J.P. Morgan Chase & Co. (NYSE: JPM) is the highest credit quality of the money center banks in America.  Bank of America Corporation (NYSE: BAC) is not.  Far from it.  You have seen the persistent selling trend in Bank of America and it is not just in the stock.  The preferred shares have come under pressure and its credit default swaps are passing the 2009 highs. So what happens when you see J.P.Morgan come out and defend Bank of America after the recent carnage?  That is exactly what we have seen today from its North America Credit Research.  The more safe bank is loosely defending the weaker bank with a research upgrade, but the prior “Underweight” rating is only being lifted to “Neutral” today.

Several features of perception against reality were cited.  The stronger noted that BofA sentiment has grown increasingly negative in the past few weeks, an understatement considering the 40% decline in BofA’s stock price versus a 15% S&P price drop.  It also noted an inversion of the credit default swap curve as well.

The report called it prudent for management to address concerns in the credit market.  Further noted is that this equity and credit market pressure has hit a point that is increasingly hard for management to ignore.  The report also noted that this could increase the chances of a credit-positive development, such as a capital raise.

It was back on April 18 when J.P. Morgan cut the rating on BofA to Underweight.  At the time, the CDS spread was 137 basis points, but it was 445 basis points on last look.  J.P. Morgan noted that Citigroup Inc. (NYSE: C) has a mere 170 basis point CDS at last look.  Despite this, J.P.Morgan said that it no longer makes sense to remain at “Underweight” even with mortgage expenses there and while a relative capital shortfall remain.  Earlier this month that capital shortfall was called $12 billion under a base case of Basel III, and the bear case suggested a $25 billion capital shortfall.

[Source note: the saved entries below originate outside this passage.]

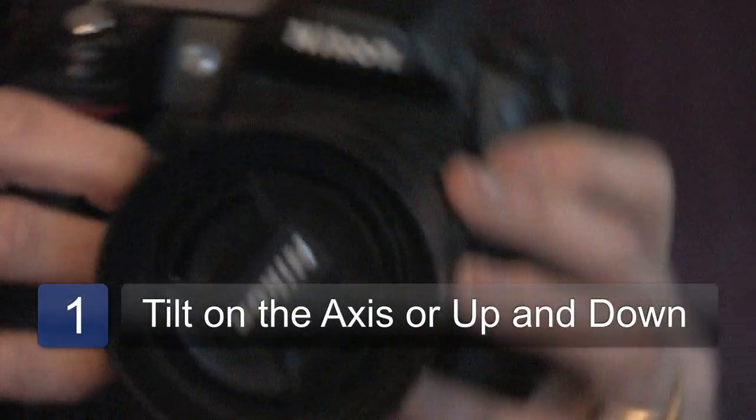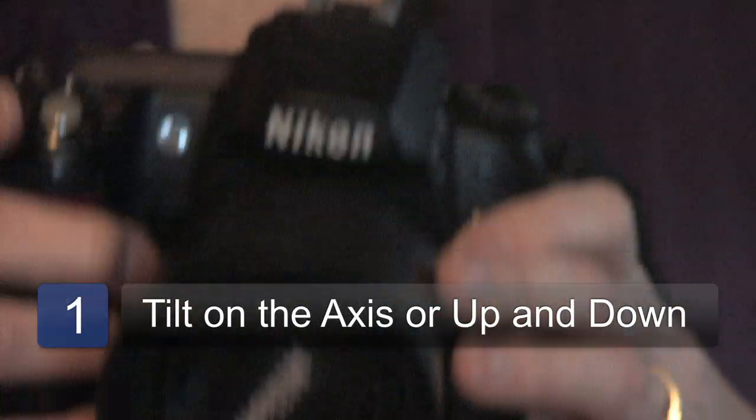There are two ways to tilt a camera. You can either tilt it around the axis, which would be moving it this way or this way, or you can tilt it up or down.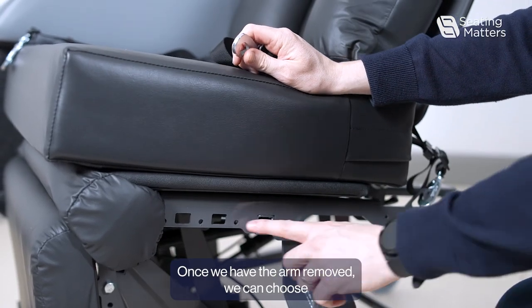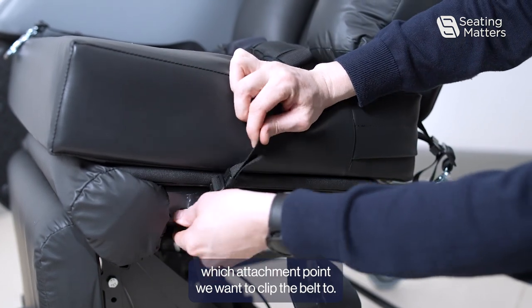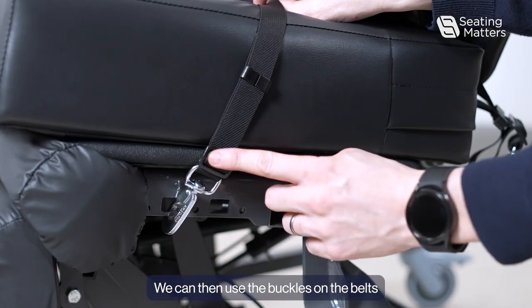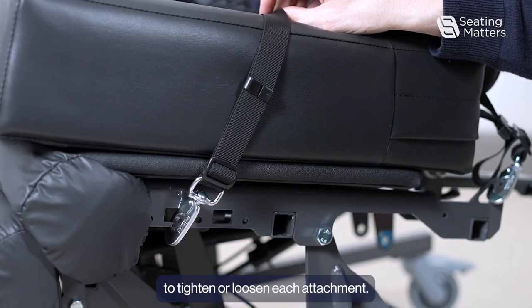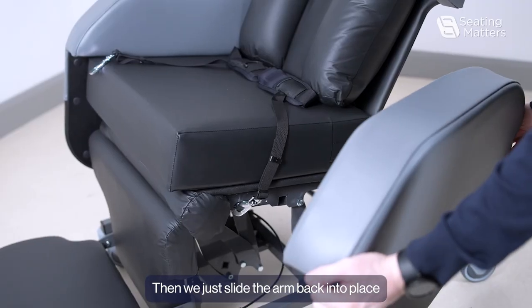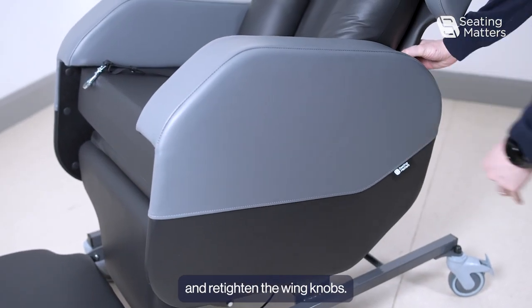Once we have the arm removed, we can choose which attachment point we want to clip the belt to. Each one will give us a slightly different angle. We can then use the buckles on the belts to tighten or loosen each attachment. We can then repeat that on both sides.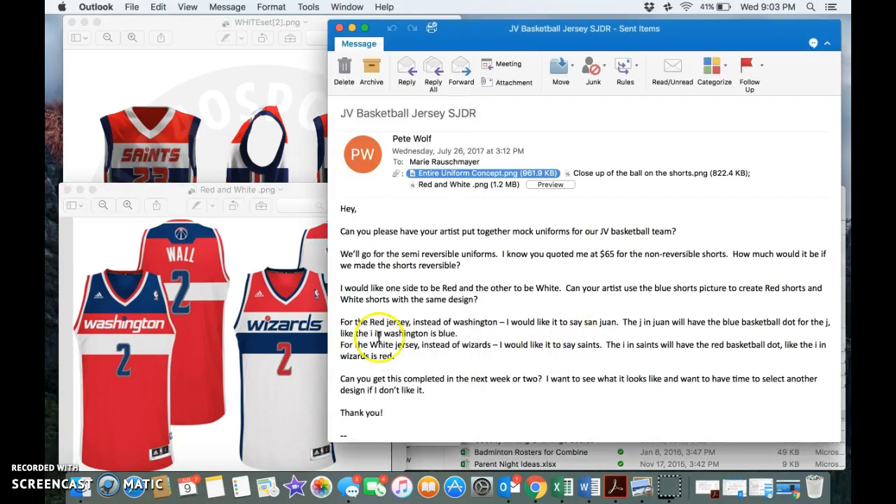I think you got it right — the white jersey was going to say 'Saints,' just like you see here, and the 'i' is supposed to have the basketball. And I think this is supposed to be blue. If you look on this picture here, 'Wizards' is written in blue with the red basketball. So 'Saints' would just need to be lowercase and in blue. And then for the red jersey, 'San Juan' would be in white font, like the white stripe, and it would have a blue basketball.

Rochedale’s Dick Bove has also defended Bank of America today, but where he differs with J.P. Morgan is that he thinks BofA can handily cover its liabilities.  Bloomberg even has a video of this. Bizjournals.com has also run reports showing that Jefferies believes a new $50 billion is needed.  The FDIC has also just freshly shown that sector-wide banking metrics are still improving.

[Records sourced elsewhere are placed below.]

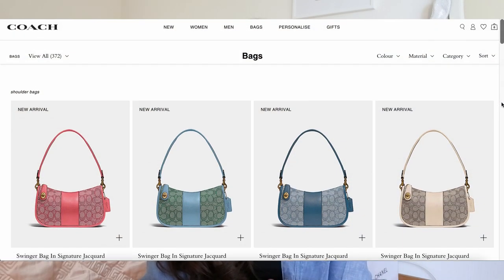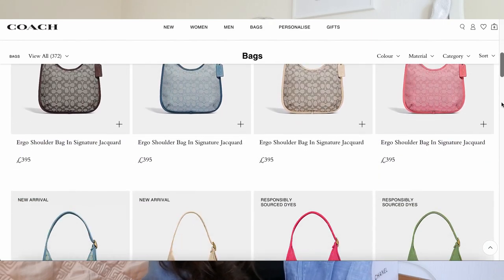Coach is doing really well with bags. They have a lot of trendy colors coming up — lots of yellow and pink bags on their website, which are two of the super trendy colors for spring/summer. If you haven't watched my video on spring/summer trends, I'll link it below. Coach's new collection is full of yellow and pink bags, so I'd really recommend checking out their website or store. The quality is impressive and I see why it's priced the way it is — it's definitely a good quality premium brand.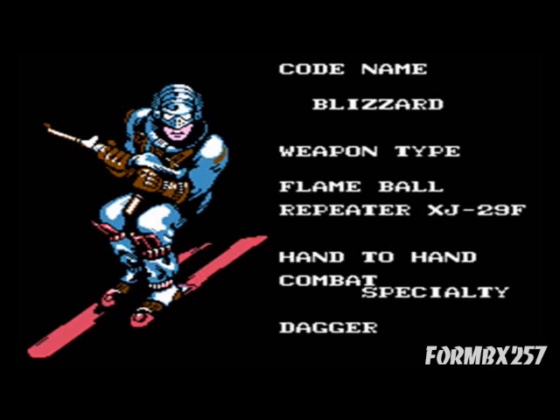Blizzard doesn't make any animated appearances, nor does he make any comic book appearances, which is actually kind of strange because you would think he would have at least been included in the old Marvel comic G.I. Joe spin-off, G.I. Joe Special Missions No. 20, which was dedicated to Arctic Action. But no, nothing there either. However, he was a playable character in the 1991 NES G.I. Joe video game. Nice pink skis there, Blizzy.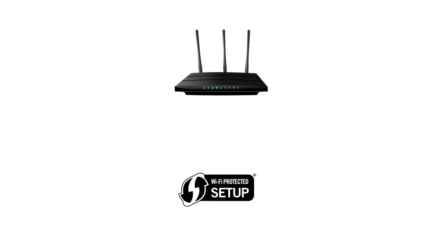Before we start, there are some conditions that must be met in order to use the WPS connection method. The main requirement is that your router must have a physical WPS push button. Secondly, your network must be using the WPA or WPA2 security protocol. This setting is enabled by default on most routers. If you are unsure on either of these points, please check your router's user guide.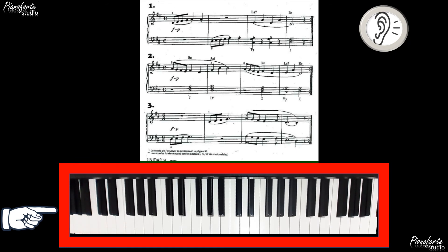Ejercicio número 3. Es izquierda, derecha y después las dos hacen las mismas notas. Iniciamos después del 3. 1, 2, 3. 1, 2, 3. Re, Mi, Fa, Sol. Re, Mi, Fa, Sol. Re, Mi, Fa, Sol, La, Sol, Fa, Mi, Fa, Re.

Back to J.P.Morgan… The research this morning notes that asset sales and the possible settlement approvals and capital raising.  J.P. Morgan has also gone on to say that the current challenges are solvable and said that the current valuations appear to reflect irrationality rather than reality in the issues at BofA.

Now, there is some housekeeping to address.  There have been some loose and so far completely unfounded rumors out there that J.P. Morgan could actually somehow acquire BofA.  The mere thought of this is so out of line with public sentiment and would require so many exceptions to banking law (the 10% deposit threshold is just the start) that this seems almost silly.  In this crazy world, the one admission to make is that anything may technically be possible.  In fact, aliens could arrive for an intergalactic media conference any day now.

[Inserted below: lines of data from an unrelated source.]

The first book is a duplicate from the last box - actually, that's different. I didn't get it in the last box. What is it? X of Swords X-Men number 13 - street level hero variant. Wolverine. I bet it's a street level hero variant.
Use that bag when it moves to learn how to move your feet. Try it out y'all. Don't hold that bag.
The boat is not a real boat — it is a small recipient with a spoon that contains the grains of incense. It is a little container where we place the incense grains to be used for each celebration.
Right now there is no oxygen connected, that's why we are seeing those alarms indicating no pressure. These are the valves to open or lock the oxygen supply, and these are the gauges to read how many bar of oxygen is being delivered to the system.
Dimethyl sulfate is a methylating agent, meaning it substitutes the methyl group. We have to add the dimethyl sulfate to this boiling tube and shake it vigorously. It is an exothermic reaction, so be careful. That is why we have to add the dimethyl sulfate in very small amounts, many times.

If the regulators really think that BofA is healthier than the public perception and healthier than this stock is indicating, maybe they should just announce the approval for the bank to start paying a higher dividend.  That is very unlikely today, but by the take of yours truly it is more possible than any J.P.Morgan-BofA rumors other than that the healthier bank has issued research defending the weaker money center bank.

Another rumor may be more of a philosophical discussion rather than a rumor, and it has been ongoing.  Brian Moynihan has said how much he regrets his predecessor taking over Countrywide, and Countrywide is the source of 95% or more of today’s issues.  The discussion now that should be taking place is how BofA could throw in the towel and bankrupt the unit.  It would be a real mess, and frankly it may challenge many aspects of corporate and banking law.

Keep in mind that the prior book value of $12.65 per share that BofA reported last month is no longer relevant.  What it is may just be a guess now, but the market has voted that the prior stated value is far lower after write downs and more.  Bank of America shares are down 2% at $6.29 on the day.  The triple-leveraged Direxion Daily Financial Bull 3X Shares (NYSE: FAS) has all of these and other big financial stocks in there as components and its shares are up 5% at $12.28 or so on last look.